Dolezal is an academic, chair of the office of the police ombudsman commission in the city of Spokane and president of its chapter of the African American civil rights organization NAACP.

Her parents, Ruthanne and Larry Dolezal, say that Rachel’s heritage is not African American, but German and Czech with traces of Native American ancestry.

Ruthanne and Larry said Rachel grew up with four adopted black siblings and they attended school in Mississippi where her social circle had primarily been African American.

They also said Rachel married and subsequently divorced an African American man.

According to an interview with The Guardian, Ruthanne and Larry said Rachel began changing her appearance following her divorce in 2004.

“Rachel has wanted to be somebody she’s not. She’s chosen not to just be herself, but to represent herself as an African American woman or a bi-racial person and that’s simply not true,” Ruthanne Dolezal said.

Rachel Dolezal told local media she is not in touch with the Ruthanne and Larry Dolezal because of an ongoing lawsuit, and that she does not view them as her real parents.

A statement from Spokane city hall said Rachel had listed her ethnicity as a mix of white, black, Native American and a number of others in her application to the office of the police ombudsman commission.

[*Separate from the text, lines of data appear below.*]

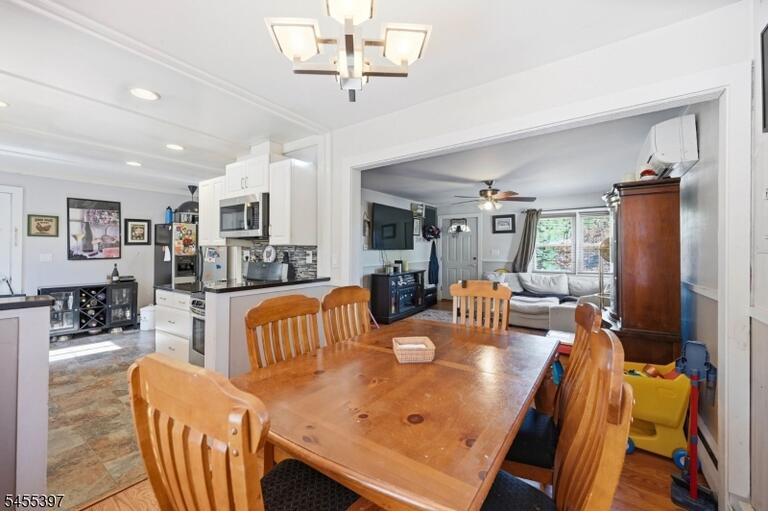 Property listing MLS 4048207 photo 7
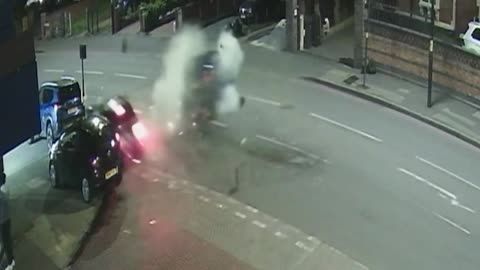 Video: CCTV-Aufnahmen zeigen den schrecklichen Moment eines tödlichen Autounfalls, während die Polizei nach dem flüchtigen Paar fahndet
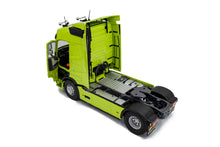 Indlæs billede til gallerivisning VOLVO FH GLOBETROTTER XL 2023 NEON GREEN 1:24
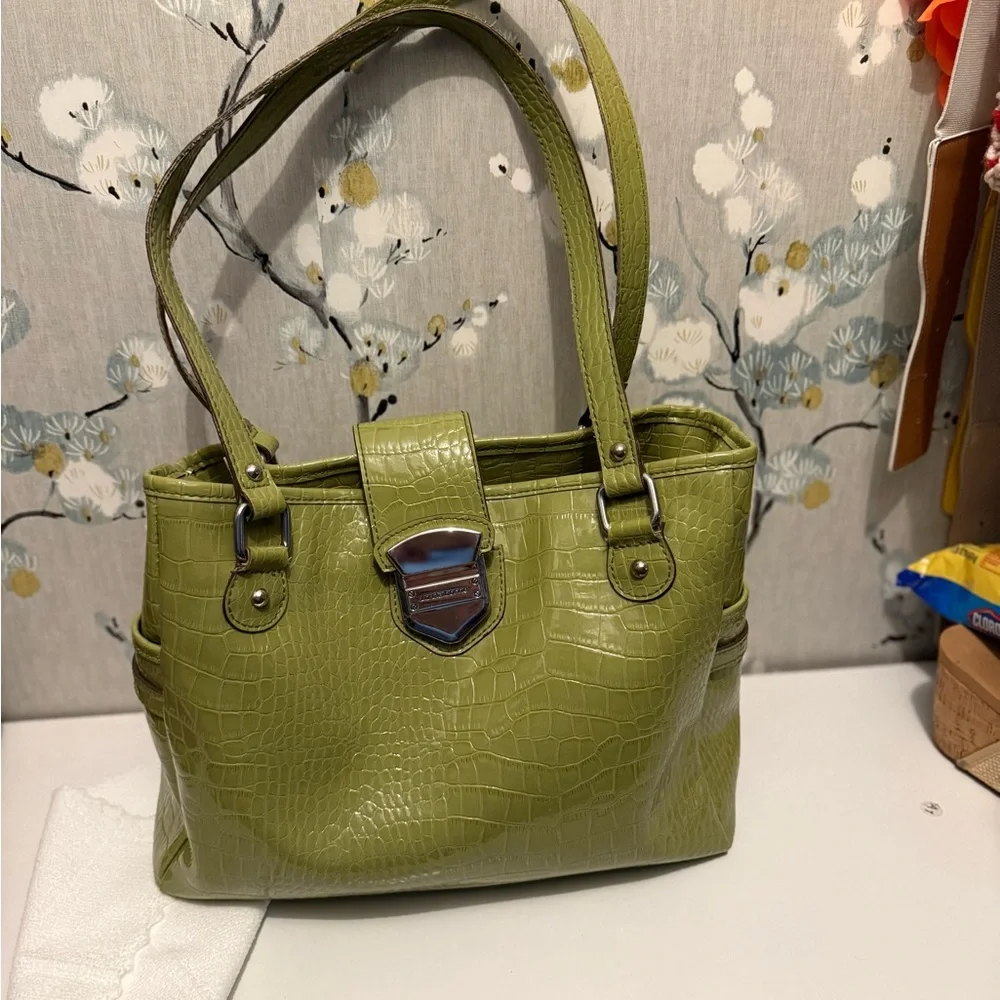 Liz Claiborne Olive Crocodile-Embossed Shoulder Bag - Picture 6 of 9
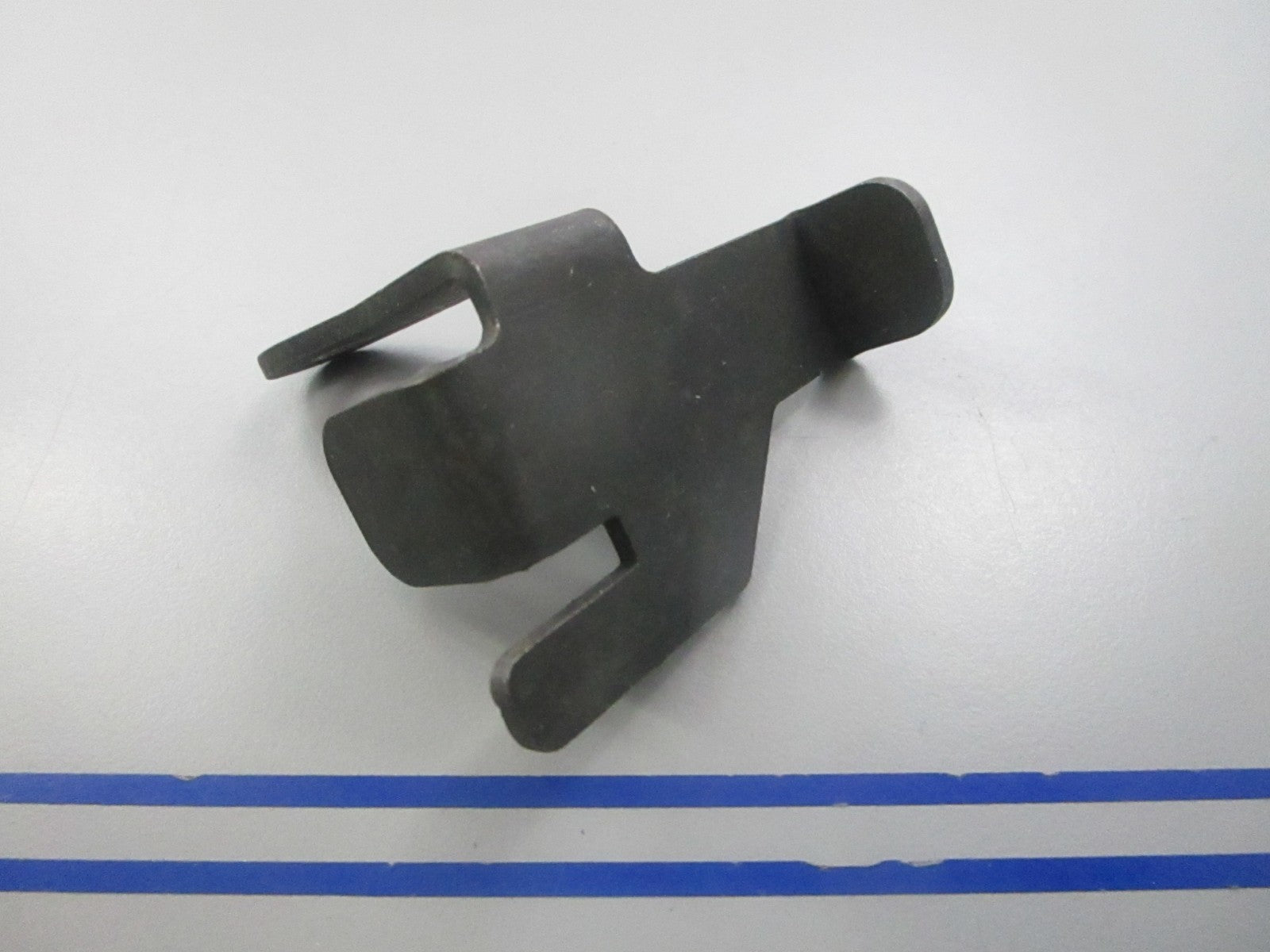 NEW OEM 589262505 Husqvarna Guide Clip 0810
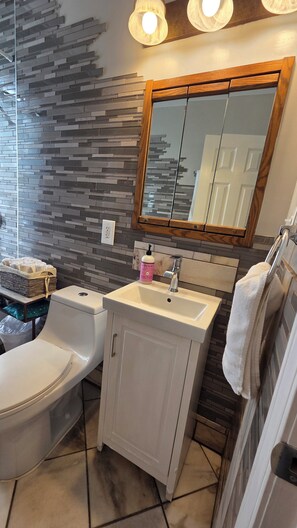 Bathroom - The Moated Grange Minneapolis (Minneapolis)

James Wilburn, a former president of the Spokane NAACP chapter, told the Coeur d’Alene Press that Dolezal’s race was not what had qualified her for the position in the organization.

“It is traditional to have a person of color in that position, but that hasn’t always been the case in Spokane,” he said. A woman of European descent was president in the 1990s, he added, and half of the chapter members were not black. “That is probably a result of the fact that only 1.9 percent of the population in Spokane is African American,” he said.

In a statement on Friday, the NAACP said its local coalition “stands behind” Dolezal’s record.

“One’s racial identity is not a qualifying criteria or disqualifying standard for NAACP leadership,” the national group said.

Dolezal does not discuss her own ethnicity in detail in her numerous writings on civil rights issues, but in several pieces she’ll say things like, “our cultural memory” when speaking about African American history.